They live above the mud hanging on to rocks with their beards and do not end up with the gritty sandiness that is often associated with their sweeter cousin the clam.

Sea birds also like mussels, however their hard shell can be a deterrent, a mussel will open to move and to eat, but when it senses danger it snaps closed. Birds, such as seagulls will take a mussel, fly high above a rock and drop the shell to the rock below to crack it open, then swoop back down to collect and enjoy the meat.

As humans we have tools and fire, which make enjoying mussels a little less taxing, when cooked a mussel will relax and open making the meat easily accessible. If a mussel does not pop open when cooked, I just assume let it be as I would a shrimp with a flat tail.

In childhood I remember mostly just eating them steamed in water and dipped in butter.

One of my favorite methods (probably because I love tomatoes so much) is to cook them in a creamy tomato basil style steam.

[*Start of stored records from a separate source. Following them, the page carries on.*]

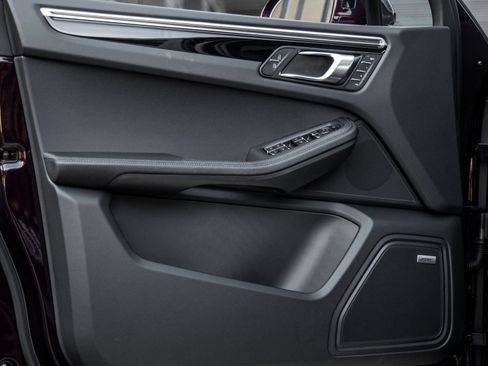 Certified 2026 Porsche Macan AWD/4WD image 20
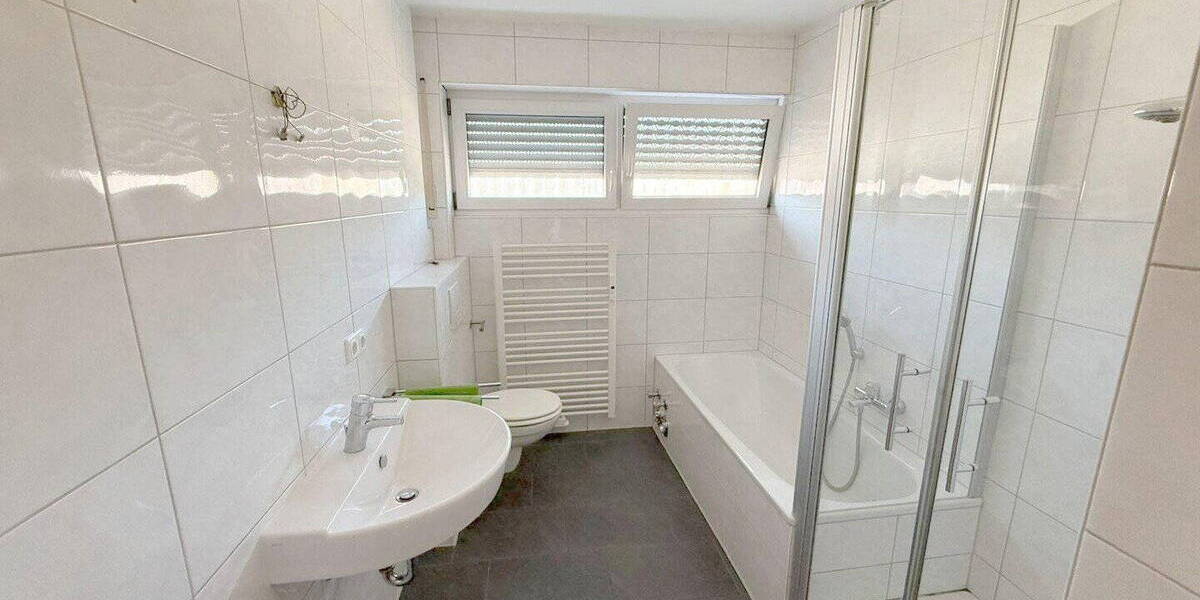 Etagenwohnung Fürth Unterfürberg - 4 Zimmer, 104 m&sup2;, 900&euro; | Angebot:26795100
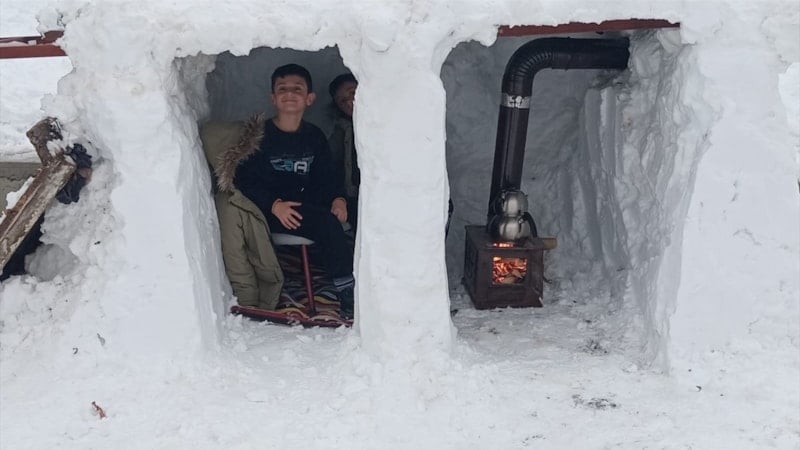 Malatya’da babadan çocuklarına sürpriz kardan ev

Here is what you will need:

  • 3 pounds of mussels
  • 3 tablespoons of olive oil
  • 4 cloves of garlic, crushed
  • 5 large tomatoes (heirloom tomatoes add a nice mixture of color) cut into 1 inch cubes
  • 2 cups of ½ & ½
  • ½ Cup grated parmesan cheese (or other similar hard cheese)
  • ¼ cup basil “grass”
  • 3 green onions cut into “grass”

If you want to make this more of a creamy sauce, you could start by making a roux, but to keep this gluten free and because I like the separation of the cheese for this particular recipe I did not.

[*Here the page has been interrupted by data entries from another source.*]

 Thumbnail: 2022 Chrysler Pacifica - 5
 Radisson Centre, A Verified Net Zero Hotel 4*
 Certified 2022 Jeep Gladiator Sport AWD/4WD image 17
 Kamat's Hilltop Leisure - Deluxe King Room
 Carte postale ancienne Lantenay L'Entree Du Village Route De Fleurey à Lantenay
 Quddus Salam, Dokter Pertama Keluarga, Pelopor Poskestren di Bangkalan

  1. Heat 1 tablespoon of olive oil in a 4-5 quart Dutch oven, bring it to temp (spits when hit with a drop of water or thins like water)
  2. Add 2 cloves garlic and brown
  3. Once the garlic is brown turn the heat to low and add the tomatoes, stir and cover.

Meanwhile in a saucepan:

  1. Add remaining olive oil and also bring to temp
  2. Add 2 cloves of garlic and brown
  3. Turn heat to medium
  4. Add ½ & ½ and cheese and stir

And back to the Dutch oven we go…

  1. When it starts to form a light steam add to tomatoes and stir
  2. Add most of the green onions (save a few for garnish)
  3. Add mussels, cover until the mussels pop open (this won’t take long)
  4. Add basil
  5. Stir up and serve warm

Remember, like many sea creature, if you over cook them they will turn chewy and they will continue to cook for a few minutes after they are removed from the heat, so only steam them until they open.